Fast ein+ Anti-Pegida-Film: Dresdner können auch anders

Der ZDF-Film „Blindgänger“ mit Wolfgang Stumph führt vor, wie ein Recht-und-Ordnung-Dresdner zum Kämpfer gegen die Abschiebung eines Kindes wird.

Das passt doch. Pegida hat den wöchentlichen Marsch durch Dresden von Montag auf Sonntag verlegt. Also kann sich die islamfeindliche Bewegung in die Zuschauer einreihen, die am Montag um 20 Uhr 15 das ZDF einschalten. Da startet der Film „Blindgänger“, ein Titel von aktueller Doppeldeutigkeit.

Erzählt wird die Geschichte von Conny Stein (Wolfgang Stumph), dem Bombenentschärfer des Dresdner Kampfmittel-Räumdienstes. Stein muss in Rente gehen. Seine Frau Sanna (Ulrike Krumbiegel) hat schon die Koffer besorgt für die Reisen, die sie eine Ehe lang nicht machen konnte und nun aber mit Conny machen will. Der aber vergrault seine Frau. Ruhestand? Nie wieder im zärtlichen Zwiegespräch mit der Bombe? Conny Stein – nomen est...– ist unverändert in seinen Beruf verliebt und im Umgang selbst mit Sanna schroff, ungelenk, unsensibel. Bei einem weiteren und wirklich allerletzten Einsatz trifft der Entschärfer auf die zehnjährige Olli (Mia Kasalo), die sich im Keller versteckt hielt. Das Mädchen ist einer Razzia entkommen, es soll, obwohl in Deutschland aufgewachsen, nach Tschetschenien abgeschoben werden.

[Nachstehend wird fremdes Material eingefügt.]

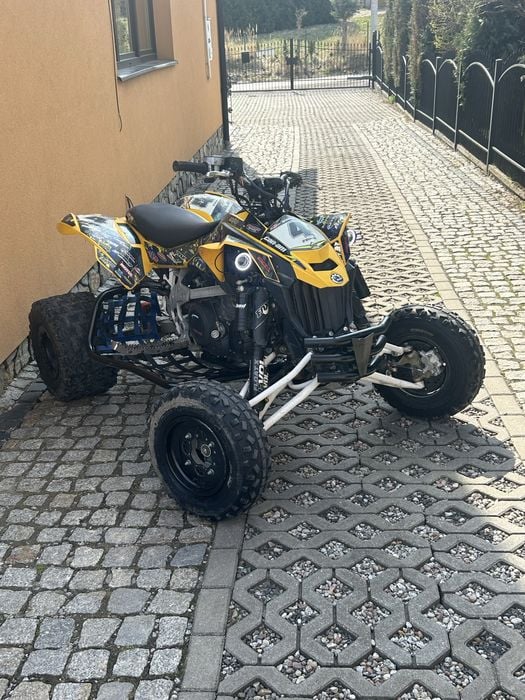 Can am. Swap Ktm 690. Fox  Zarejstrowany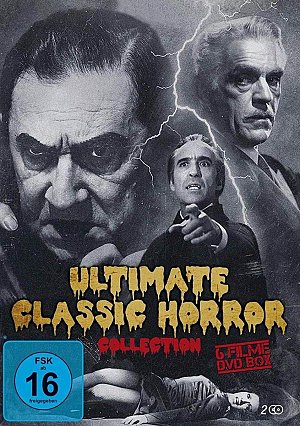 Ultimate Classic Horror Collection [DVD]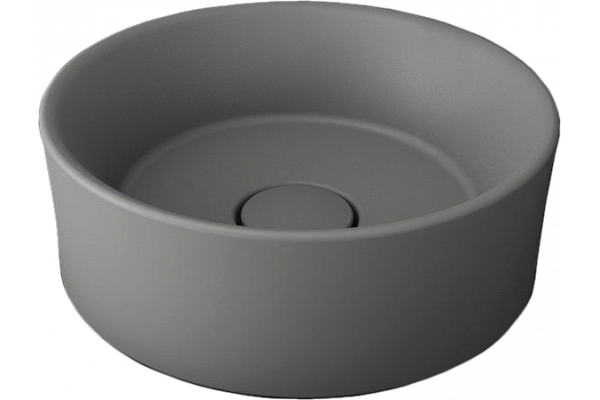 Раковина BOCCHI Vessel 1174-006-0125 серая матовая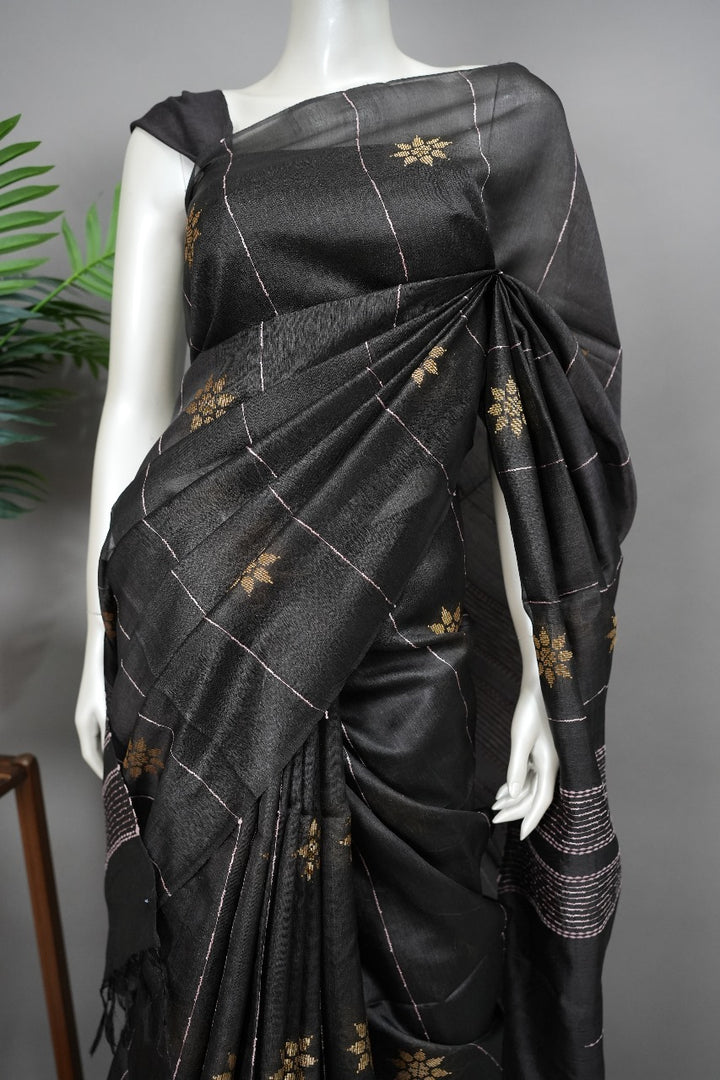 Tussar Saree TSA166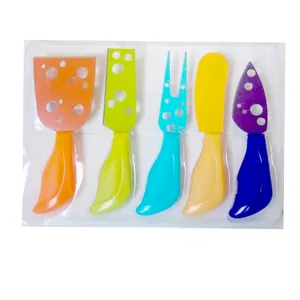 کارد صبحانه خوری مدل فانتزی Z12 مجموعه ۵ عددی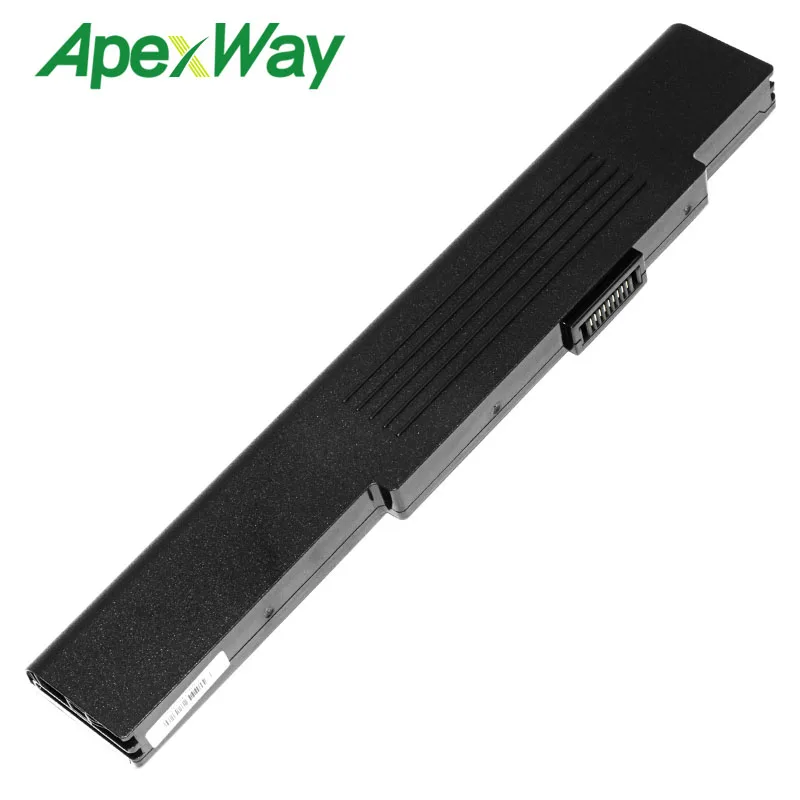 Apexway 6 ячеек 6500 мАч 11 1 В Аккумулятор для ноутбука A32-A15 A41-A15 A42-A15 A42-H36 A6400 ДЛЯ MEDION Akoya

Conny Stein müht sich nach Kräften, Olli auf Abstand zu halten. Überkorrekt, wie er ist, bringt er das Mädchen zum Ausländeramt. Hier setzt seine persönliche Kehrtwende ein. Nach einer ruppigen Auseinandersetzung mit dem Behördenmitarbeiter Mike Zirske (Franz Dinda) kommt sein Recht-und-Ordnung-Deutschlandbild ins Wanken. Ollis Schicksal wird seine Aufgabe – und dann sein Schicksal. Und er steht vor einer doppelten Herausforderung: Seine Frau Sanna ist ausgezogen, hat einen Jugendfreund wiedergetroffen. Der Film „Blindgänger“ bekommt zwei Erzählstränge, die in Conny Stein zusammenlaufen.

Produktionen mit Wolfgang Stumph, bei denen Peter Kahane stets Regie führt und – wie hier zusammen mit Simone Kollmorgen – Drehbuch schreibt, sind in der Erzählweise, bei der Inszenierung und beim Tempo erwartbare Arbeiten. Da steht nichts und niemand kopf, die Wendungen sind so wenig abrupt wie Schwenks und Schnitte, ein Wolfgang-Stumph-Film strömt, er saust nicht.

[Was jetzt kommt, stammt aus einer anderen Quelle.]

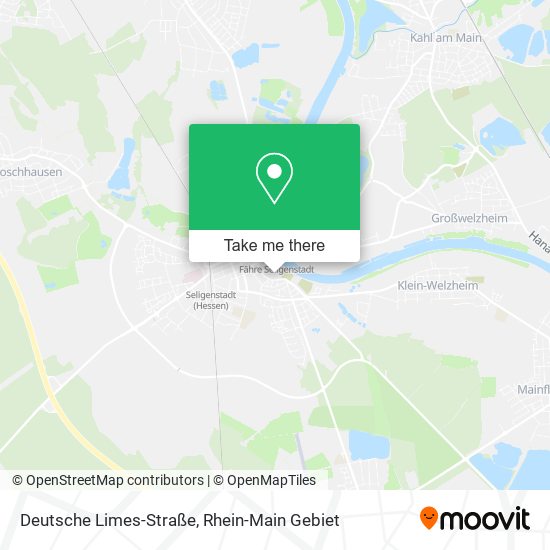 Deutsche Limes-Straße map
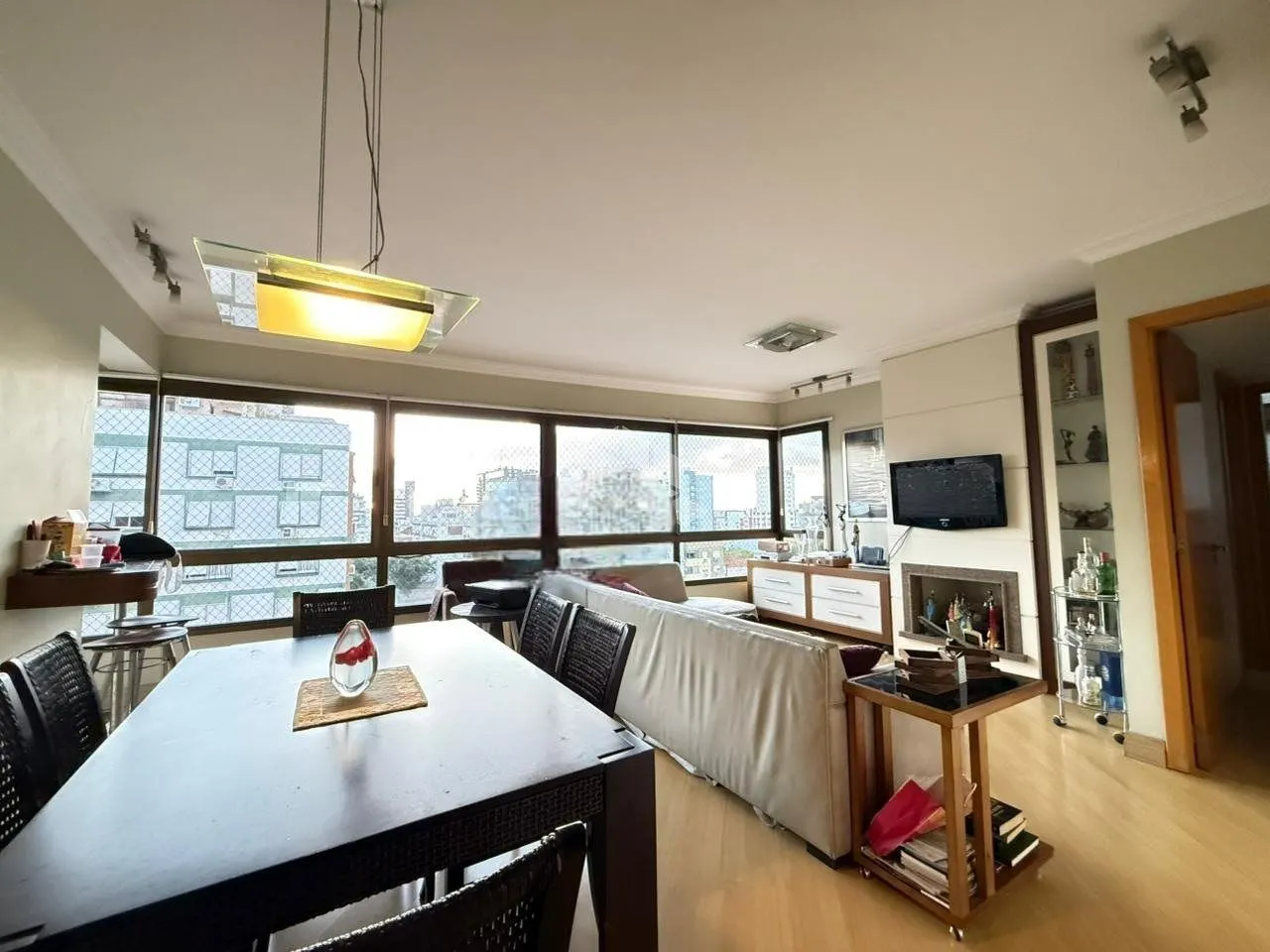 Imagem Apartamento Impecável com Vista Panorâmica, 2 Suítes e Living Ampliado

„Blindgänger“ fügt sich in diese Filmografie ein, und auch wieder nicht. Stumphs Kommissar Stubbe war von geerdeter Menschlichkeit, einer, der bei allem Streben nach Gerechtigkeit im Täter einen gescheiterten Menschen sah. Conny Stein ist ein anderer, als Entschärfer ein Solist, einer, der in seiner Selbstverbissenheit die Bomben mehr liebt als Umgebung und Ehefrau. Sein Hobby? Zünder nachbauen. Das ist einer, der seine Fürsorge für andere auf extreme Weise in sich entdecken muss. An Olli, die eigentlich Olga heißt und mit ihrer Schwester Elena (Natalia Belitski) Deutschland verlassen soll. Conny, der Stein, wandelt sich, dramatisch, existenziell.

„Blindgänger“ nimmt in seinen harten Momenten Anleihen beim Sozialdrama, figuriert im Hauptfilm als Sozialromanze (wer hier Sozialkitsch herausliest, der hat sich verlesen). Mia Kasalo spielt die zehnjährige Olli hinreißend, und Wolfgang Stumph wäre nicht ein überzeugender Bombenentschärfer und kein nachdenklich machender Menschwerder, wenn er nicht diese eine Geste, nicht diesen einen Spielzug mehr hätte, den es zum Charakter braucht. „Blindgänger“ will den Zuschauer weniger anspannen als anrühren. Trotzdem trifft die Produktion Herz und Hirn.

Und es wäre nicht die geringste Leistung des Films, seines Themas und seines Ensembles, wenn am Montagabend mehr Dresdner vor dem Fernseher sitzen, als bei Pegida am Sonntag mitmarschiert sind.